Ce sont deux des morceaux avec David Bartholomée qui sont les meilleurs. Le très catchy We Should Be Dancing avec des hou-hous évidemment excessifs mais tout à fait à leur place dans cette pièce hédoniste. L’autre morceau qui sort de sa torpeur le voit aussi collaborer est l’ensoleillé Mireia. Peut-être que seuls les morceaux plus rock me plaisent. C’est possible aussi. Donc ça m’a donnée envie d’approfondir Sharko. La voix de Lisa Keakaula (Bellrays) est assez convaincante sur le trop léger à mon goût Let’s Boogie et l’album se termine par une petite douceur que chante Yael Naïm.

Il y a aussi des moments délicats (This Parade) mais qui font trop usage de ficelles pour modifier le son (grésillements exagérés) tout en voulant garder des instruments au-dessus du mix et pas modifiés. Il faut choisir son point de vue dans ce cas. Soit on fait du faux vintage soit on le remet au goût du jour mais l’entre-deux fonctionne moins. Ceci, je le répète, n’enlève rien à la qualité de l’écriture dudit morceau qui au final et nonobstant les pinaillages est bon.

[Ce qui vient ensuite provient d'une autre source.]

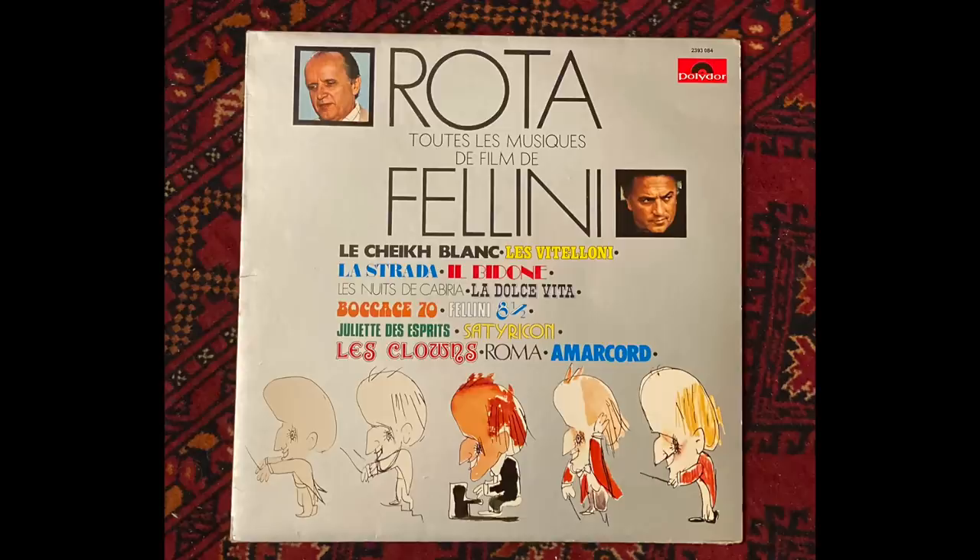Then I played this Nino Rota record — a collection of his music for Fellini and other films. It's an old record I've had at least 20 years. It always sounded kind of bright and grainy and transistory — not the best recording, but I've kept it because I like the music. After I cleaned it, a lot of that edge and harshness was a little less. Enough less that I said, that's pretty impressive. I've always enjoyed the music and sort of grinned and bared it through the sound, but now it's substantially better.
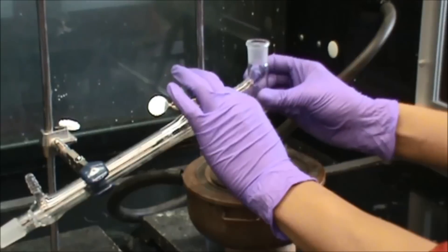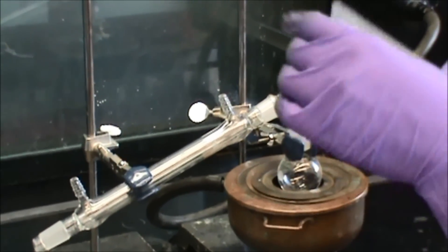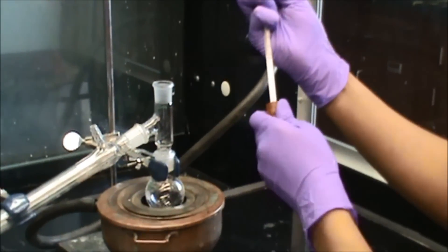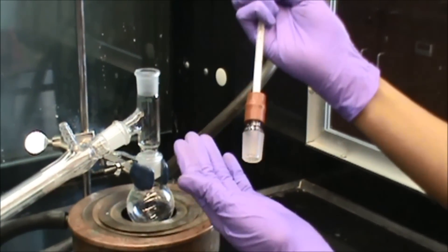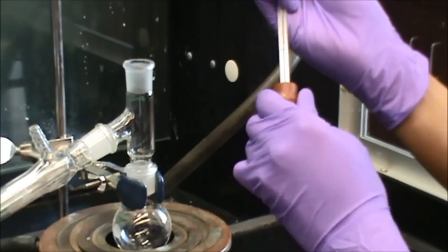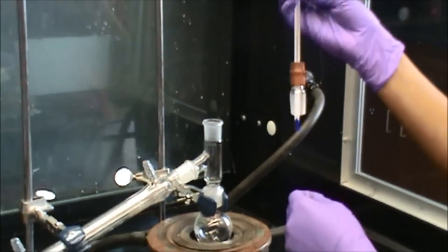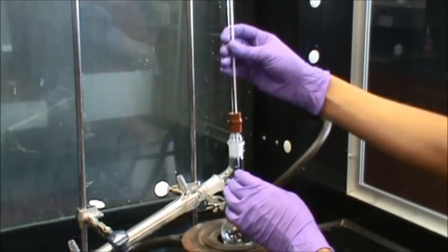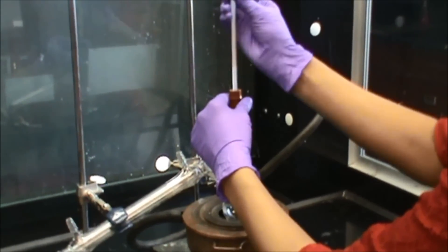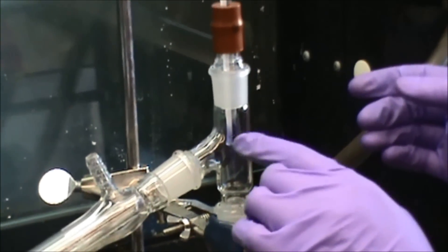Now you connect the distillation head to the condenser like this. I'm going to take the thermometer and the rubber adapter and place the thermometer through the rubber adapter. When you are doing this, make sure you go in really slowly so you don't break your thermometer. Now place the thermometer into the distillation head, and make sure that the tip of the thermometer is right at the side arm of the distillation head.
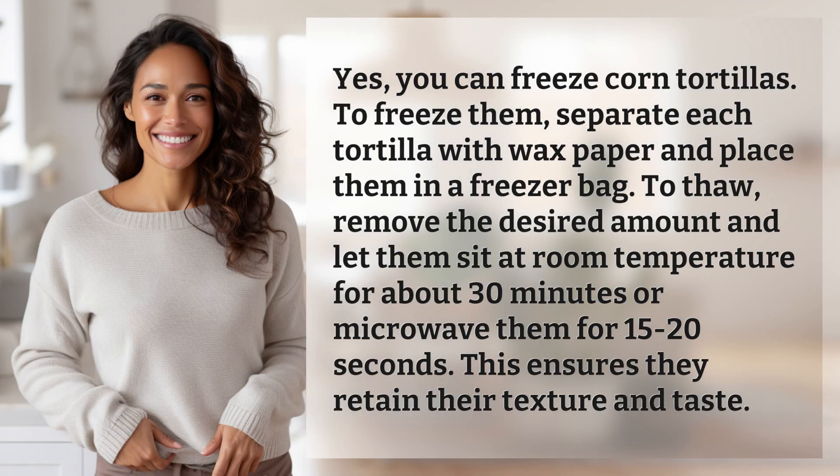Yes, you can freeze corn tortillas. To freeze them, separate each tortilla with wax paper and place them in a freezer bag. To thaw, remove the desired amount and let them sit at room temperature for about 30 minutes, or microwave them for 15 to 20 seconds. This ensures they retain their texture and taste.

Pas désagréable, le projet manque de consistance et d’unité pour que les morceaux puissent se situer. De plus, le son, travaillé, est un peu trop léger pour forcer l’écoute dans toutes les circonstances. Mais « Agréable sans plus », ce n’est pas vraiment ce qu’on recherche dans la musique. Il y a suffisamment de perles enfouies pour qu’on n’ait pas envie de consacrer trop de temps à ce qui nous glisse dans l’oreille. De plus, on ne voit pas trop à qui conseiller ceci, puisqu’il y en a un peu pour tous les goûts, donc beaucoup pour personne en même temps. Il s’agit sans doute plus d’une musique pour agrémenter vos soirées entre amis qu’une œuvre majeure qu’on analyse jusqu’à plus soif. La saison n’étant pas au barbecue, je garde sous le coude cet album pour un avis plus circonstancié.